Dapatkah orang hitam mengubah warna kulitnya, atau harimau menghilangkan belangnya? Tentu tidak! Begitu juga kamu yang terbiasa berbuat jahat, tidak akan mungkin berbuat baik.
Isu utama dalam dinamika politik yang berhembus santer dan menjadi efek bola salju kini merujuk pada nama Joko Widodo (Jokowi), sang presiden RI, yang pada saat ini berkuasa. Kehadirannya membawa bumbu tak sedap bagi kemunculan dua putra kandungnya.
Pertama, Gibran Rakabuming Raka, namanya langsung moncer dan akhirnya didaulat secara resmi untuk diusung menjadi pasangan Prabowo Subianto untuk maju mendampinginya sebagai cawapres (calon wakil presiden). Kedua, Kaesang Pangarep, yang baru beberapa hari mendaftar menjadi anggota Partai Solidaritas Indonesia (PSI), tetiba diangkat menjadi ketua umum.
Ada kosakata baru yang cukup menarik untuk disimak terkait peristiwa ini. Pemberitaan media menyebutnya dengan "Politik Dinasti". Nah, apakah pengertian itu sama dengan "Dinasti Politik"?
Kalau dalam tata bahasa Indonesia, kedua istilah yang dipakai itu dikenal dengan "Hukum D-M atau M-D". Diterangkan-Menerangkan atau sebaliknya, Menerangkan-Diterangkan.
Tentu saja bolak-balik kata itu punya term, pengertian yang berbeda. Sehingga jika ada penulis atau jurnalis yang salah menuliskannya, walaupun maksud penjabarannya betul, maka pondasi cara berpikirnya menjadi rapuh.

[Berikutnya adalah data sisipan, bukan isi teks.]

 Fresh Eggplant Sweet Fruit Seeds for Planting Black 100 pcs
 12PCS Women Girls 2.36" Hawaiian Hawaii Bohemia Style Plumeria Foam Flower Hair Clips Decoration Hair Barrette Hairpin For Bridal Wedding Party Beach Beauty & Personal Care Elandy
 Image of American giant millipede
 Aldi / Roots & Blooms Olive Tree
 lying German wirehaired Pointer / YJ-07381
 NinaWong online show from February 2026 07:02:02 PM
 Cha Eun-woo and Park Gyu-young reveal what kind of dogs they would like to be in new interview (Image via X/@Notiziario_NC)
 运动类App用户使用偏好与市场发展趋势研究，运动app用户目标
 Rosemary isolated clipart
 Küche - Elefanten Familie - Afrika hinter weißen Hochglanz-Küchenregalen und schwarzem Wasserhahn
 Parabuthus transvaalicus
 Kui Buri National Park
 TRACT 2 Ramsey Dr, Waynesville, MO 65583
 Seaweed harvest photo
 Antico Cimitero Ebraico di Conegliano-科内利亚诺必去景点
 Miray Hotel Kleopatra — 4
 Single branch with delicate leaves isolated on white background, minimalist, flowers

Secara teori dalam ilmu politik, tentu ada pengertian yang dimaksud. Kalau rujukan nama pakar berbeda, pengkalimatannya juga bisa berbeda. Namun demikian, ada beberapa poin yang memiliki kemiripan.
Politik Dinasti
Secara sederhana kalau Politik Dinasti itu merupakan proses terjadinya peralihan atau regenerasi kekuasaan, yang dalam arti sempit ruang lingkupnya ada pada keluarga secara turun-temurun. Meskipun dalam alam demokrasi, hal itu berlangsung wajar melalui pemilihan umum secara langsung oleh rakyat.